I am hoping to come up with a method of cleaning some 80 year old oak floors that have had decades of dirt (from the garden) tracked in and ground into them. I don’t want them to look like new, I just want to feel a bit more comfortable turning my 9 month old loose crawling around on them.
It would appear that the only finish ever applied to the oak was oil or wax and there is no evidence of either having been applied in the last 30 years.
I want to emphasize that I am not trying to make them look like new and am not presently interested in sanding them and applying a contemporary finish. They are going to continue to be subjected to a lot of dirt and abuse that would trash any refinish job.
Essentially I am curious if there is any technique for pulling out dirt that has been ground into the wood?
If my earlier attempt to post this succeeded, I apologize for the redundancy.
thanks, Karl
Replies
i'm also interested to see what is posted here. old floors have a different kind of classic beauty i don't want to mess with. but at the same time, i know what you mean about the young child crawlng around on them... i have a 4 yr old and never got my 80 yr old floors re-done in time for him. i hate being snobby, but it does feel good to see him on clean new wood floors...
Karl, what I have used in the past to clean old wood is a mix of TSP ( trisodium phosphate) with bleach.

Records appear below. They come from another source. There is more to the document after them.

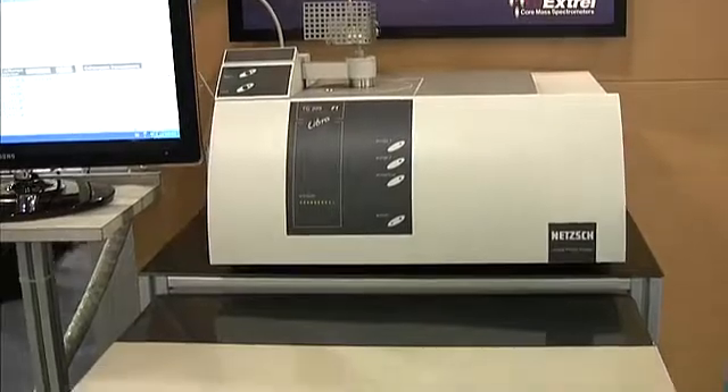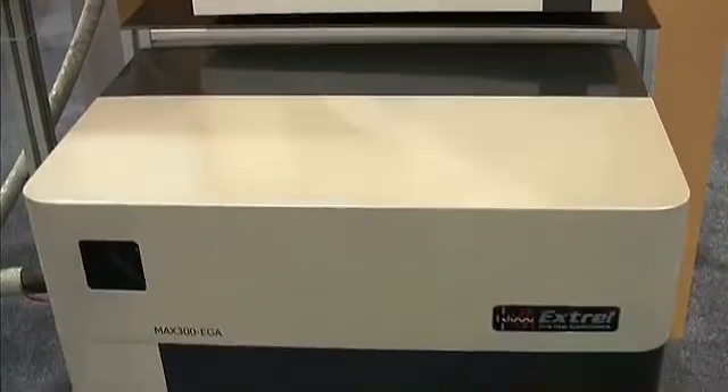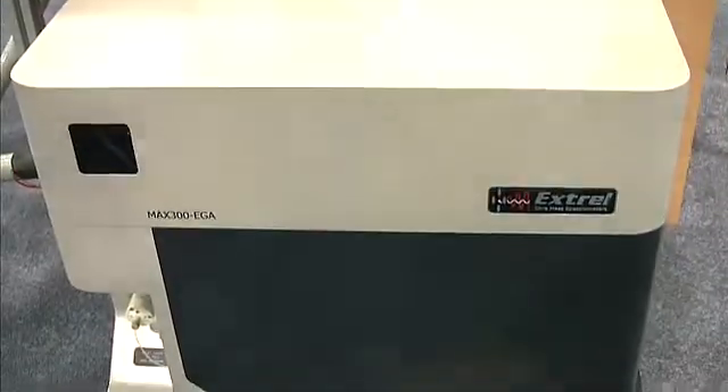Identifying the gases leaving the furnace of a thermal analyser requires special consideration. The MAX 300 EGA is a quadrupole mass spectrometer optimised for evolved gas analysis.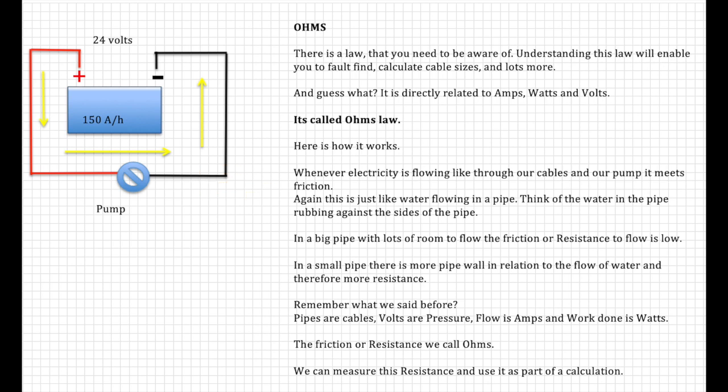Whenever electricity flows through cables and a pump, it meets with friction — just like water flow in a pipe. In a big pipe with lots of room to flow, the friction or resistance is low. In a small pipe there is more pipe wall in relation to the flow of water, and therefore more resistance. Pipes are cables, volts are pressure, amps are flow, watts are work done — and friction or resistance we call ohms. We can measure this resistance and use it in calculations.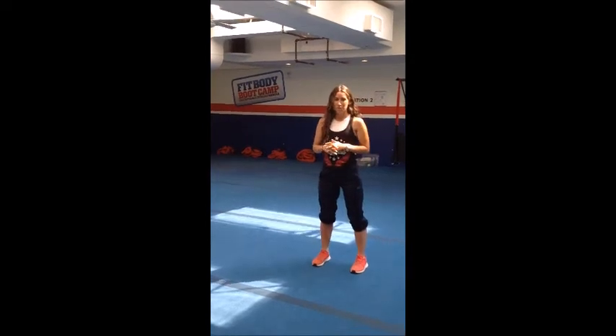Hi guys, I'm Elsa from Vancouver, The Body Boot Camp, and today we're going to learn how to do a curtsy lunge — the basic foundation of a curtsy lunge.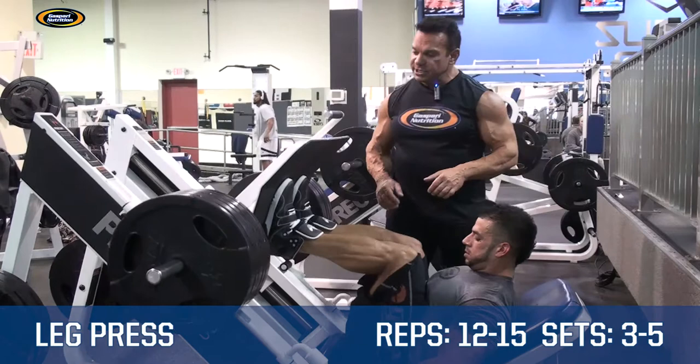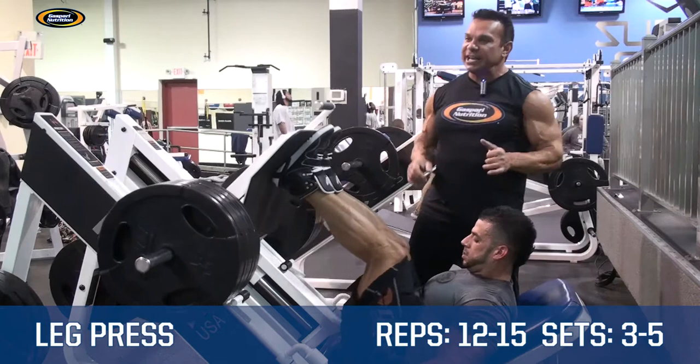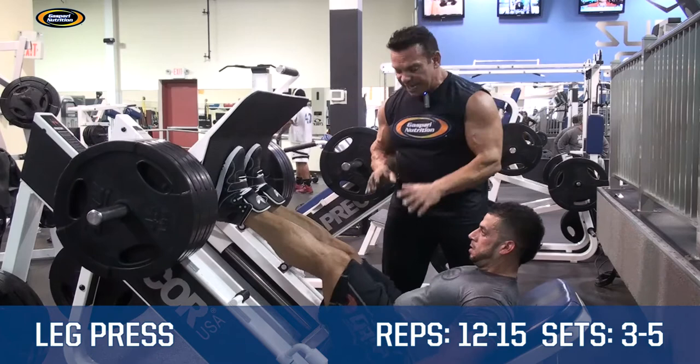And you can even change range of motion by going more towards the top of the pad, which is going to develop more of the glute hamstring tie-in, or change it again to go more towards the bottom of the pad, which is going to emphasize more of the frontal thigh.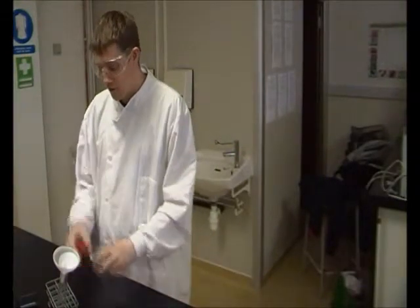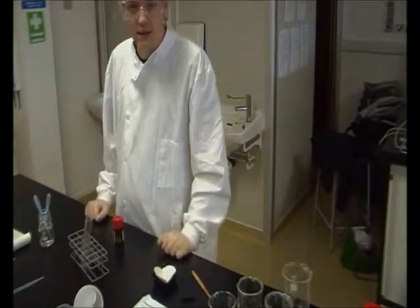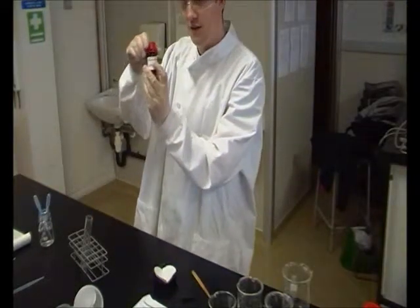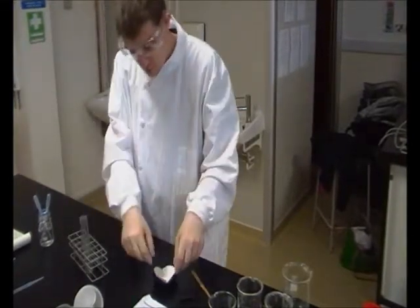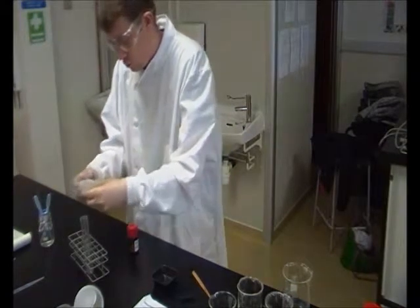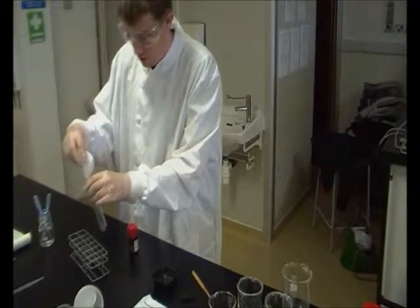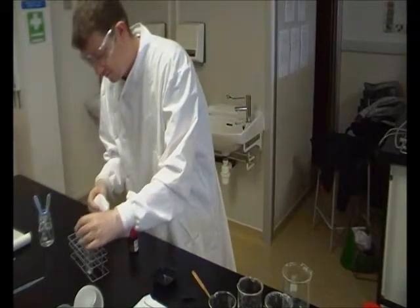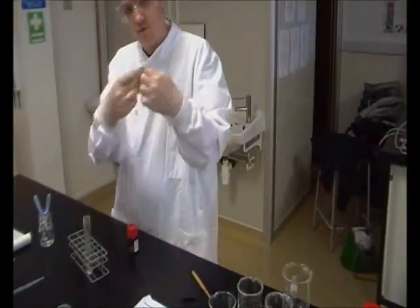The first step in making a synthetic dye is we need to weigh out 0.1 grams of this stuff — it's called 2-nitrobenzaldehyde. We're going to add that to a test tube. There we go, just use a bit of filter paper just to get it in there. That's 0.1 grams. We've got a piece of filter paper just inside of our funnel.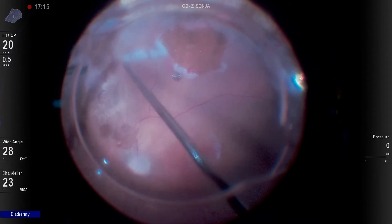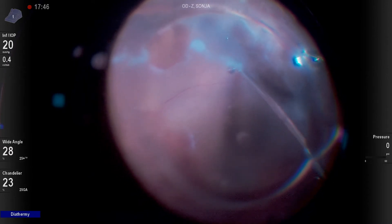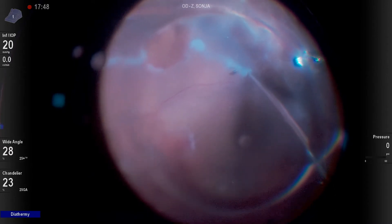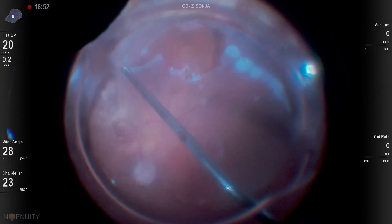I never take the oil out of the patient's eye. I can now go back from the edges of those areas and continue my diathermy to make my 180 degree retinectomy.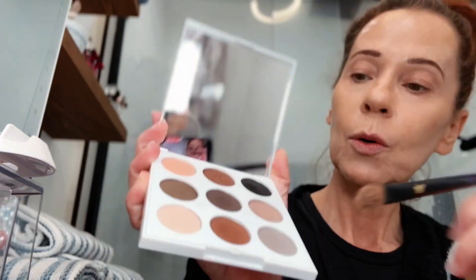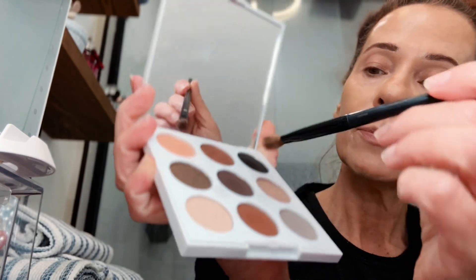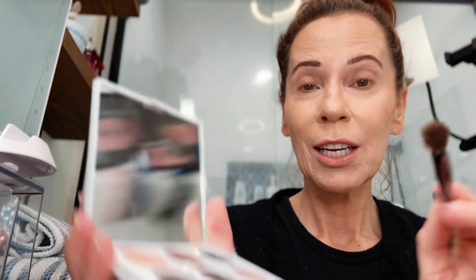The first thing I always start with is a brown shade in the crease, or actually slightly over the crease, and then I pull it out to give myself kind of an extra lift. In this case I'm going to go with this brown right here. It's pretty dark so I tap that off a little bit, because I'd rather go in with less and build it up than go in with too much. I can fix it if I go in with too much, but I prefer doing it this way.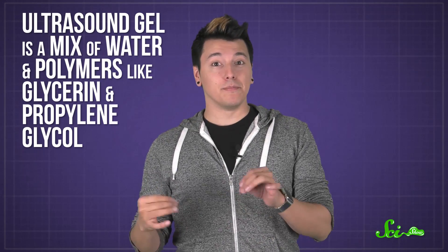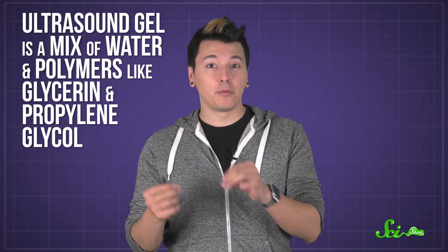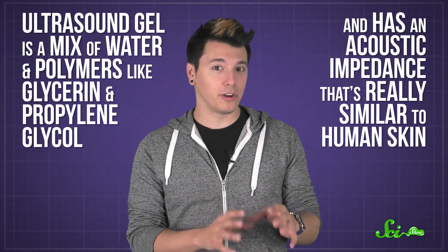Ultrasound gel is a mix of water and polymers like glycerin and propylene glycol, and has an acoustic impedance that's really similar to human skin. By using a transducer to make ultrasound waves in that gel, the waves have a much better chance of transferring into your body, with less reflection right off the bat.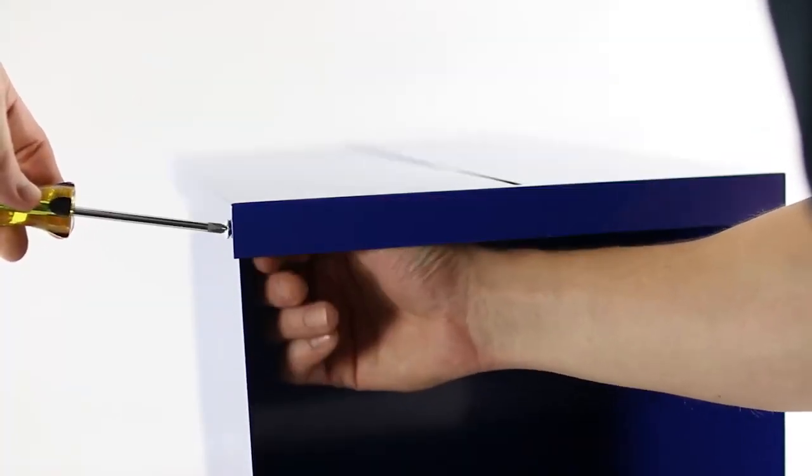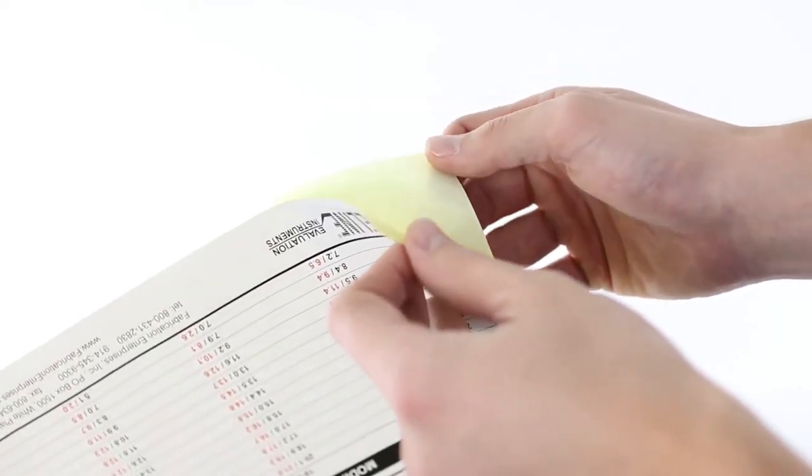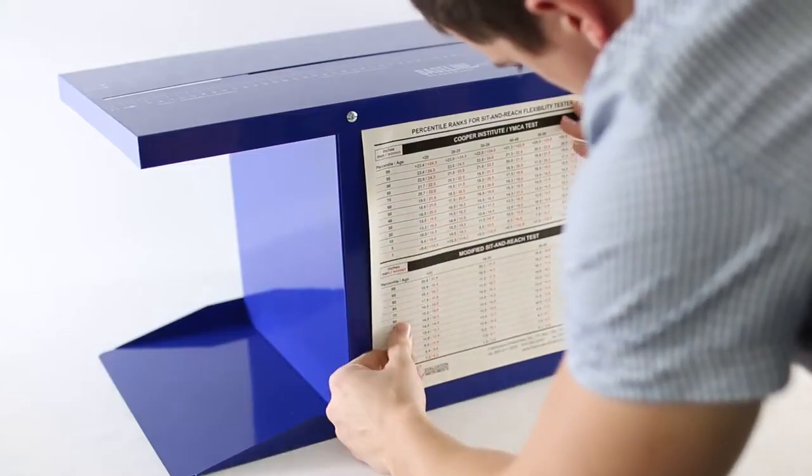A screwdriver may be needed to anchor the screw while tightening the wing nuts. Remove the backing from the self-adhesive chart and adhere it to a side of the box so that it is easily read.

In 5gal about 1/2 cup TSP & 1-1/4 cup bleach. I assume this is T&G. Are there any gaps between the boards or is it still nice and tight. If there are gaps I would use a wet/dry shop vac to pull dirt & water up out if the gaps. Rinse with plain water and dry with shop vac and old towels. Finish with oil or wax as you chose. And yes this is a hands & knees with stiff brush operation ( knee pads help ) Good luck!! Bill D. on the Chesapeake.
Elbow grease, flax soap and a good stiff brush, followed up with something like a Bissel, no soap just hot water in the machine.
Used this method on an old floor in the same shape a few years ago. Flax soap is also commonly sold as "oil" soap, Murphy's is the most common brand. Scrub it several times, applying liberal amounts of the elbow grease and rinse very thoroughly. Then use the "steam" cleaner without any detergent. What's left after this process will require sanding to remove.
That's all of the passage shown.